With the example of Mozart to inspire them, it remains remarkable that subsequent composers wrote so little solo music for the horn. Did the skilled players of the valveless instrument of the 18th and early 19th centuries mysteriously die out? One doubts it. After all, both Beethoven and Weber wrote some tricky--albeit low-grade--solo horn music and splendid material for the instrument in an orchestral context.
And, of course, the valved instruments for which Wagner and successors wrote brought about a previously unprecedented importance of the "French" horn as part of the inevitable color of orchestral music.
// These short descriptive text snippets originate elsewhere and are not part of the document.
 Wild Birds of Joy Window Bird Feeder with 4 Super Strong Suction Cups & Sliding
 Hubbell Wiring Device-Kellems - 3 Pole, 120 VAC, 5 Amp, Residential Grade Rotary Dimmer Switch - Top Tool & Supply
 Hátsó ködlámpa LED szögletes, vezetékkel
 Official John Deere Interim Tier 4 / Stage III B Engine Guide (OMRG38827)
Still, after Mozart there is only Brahms, among the core composers, who fully exploited the instrument's potential in an extended solo capacity--and that in but a single work, his Trio in E-flat, Opus 40.
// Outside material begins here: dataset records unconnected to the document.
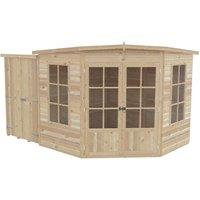 Shires Hampton 8 x 11 Feet with Side Shed - L119 x W224.8 x H190.2 cm in Light Brown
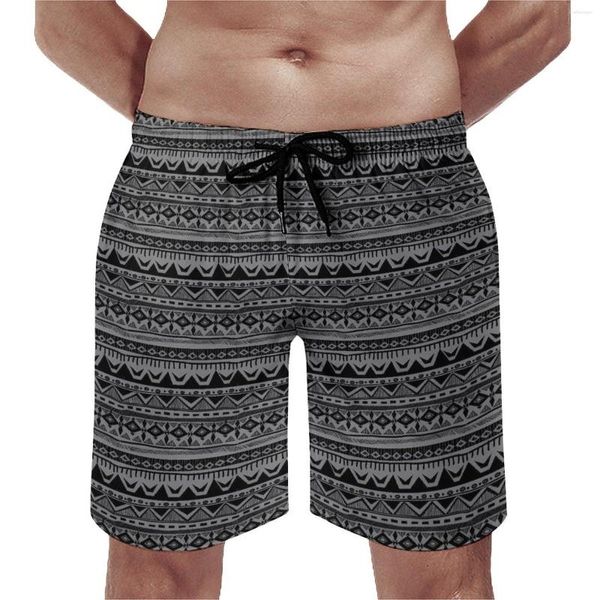 Herren-Shorts, Tribal-Druck, Sommer, Schwarz und Grau, niedlich, Strand, männlich, Sport, schnell trocknend, individuelle Badehose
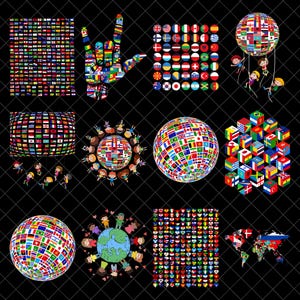 May include: A collection of digital illustrations featuring various national flags arranged in grids, spheres, cubes, and a world map, alongside cartoon figures interacting with these flag-themed shapes on a black background with a grid overlay.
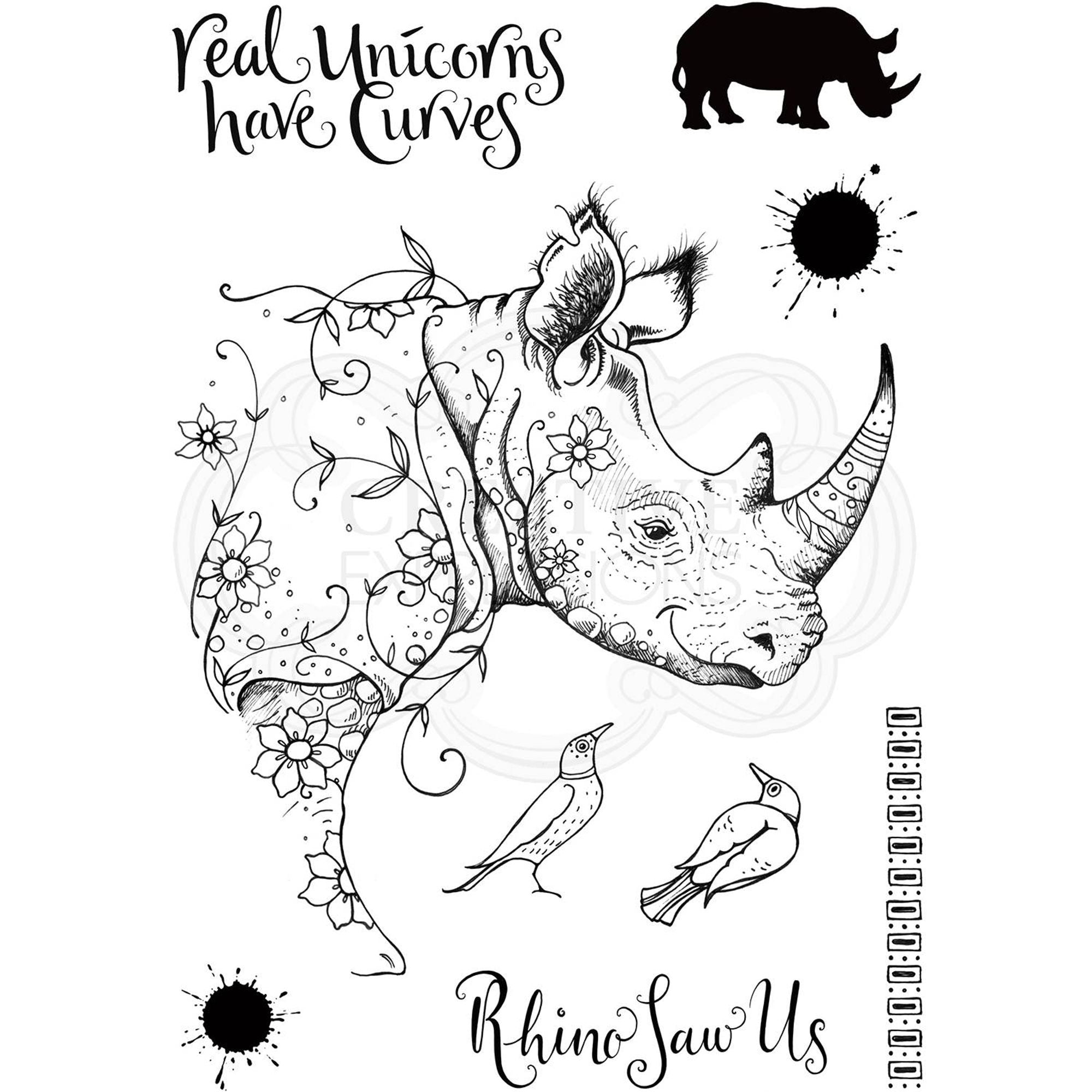 Pink Ink Designs Rhino Saw Us A5 Clear Stamp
Brahms' Trio has been newly recorded by members of the Boston Symphony Chamber Players: hornist Charles Kovalovski, violinist Joseph Silverstein, and pianist Gilbert Kalish (Nonesuch 779076).
Their playing is highly accomplished, with the hornist notably able to shade tone and project finely gradated dynamics. But the violinist's tight, omnipresent vibrato quickly becomes trying and one wishes the pianist would expand with the music rather than forever tighten its rhythms.
The Nonesuch effort has had the further misfortune to appear simultaneously with a reissue, in compact disc format (London 414128-2), of the ecstatic 1969 recording of the same work by hornist Barry Tuckwell, violinist Itzhak Perlman and pianist Vladimir Ashkenazy.
This is one of those all-star productions that works in spite of its not being a perfectly integrated effort. Each of the three virtuosos more or less goes his own way as regards rubato and dynamics. But they all play so superbly--and without allowing ensemble to become excessively diffuse--that one simply listens enraptured to the gorgeousness of Brahms' spacious melodies.
London couples the Horn trio, as it did in the original vinyl-disc release, with a big-toned, heart-on-sleeve Perlman-Ashkenazy reading of Franck's A-major Sonata, while Nonesuch chooses Brahms' pedestrian Trio in A minor, Opus 114, tautly played by the BSO's Harold Wright (clarinet), Jules Eskin (cello) and Kalish.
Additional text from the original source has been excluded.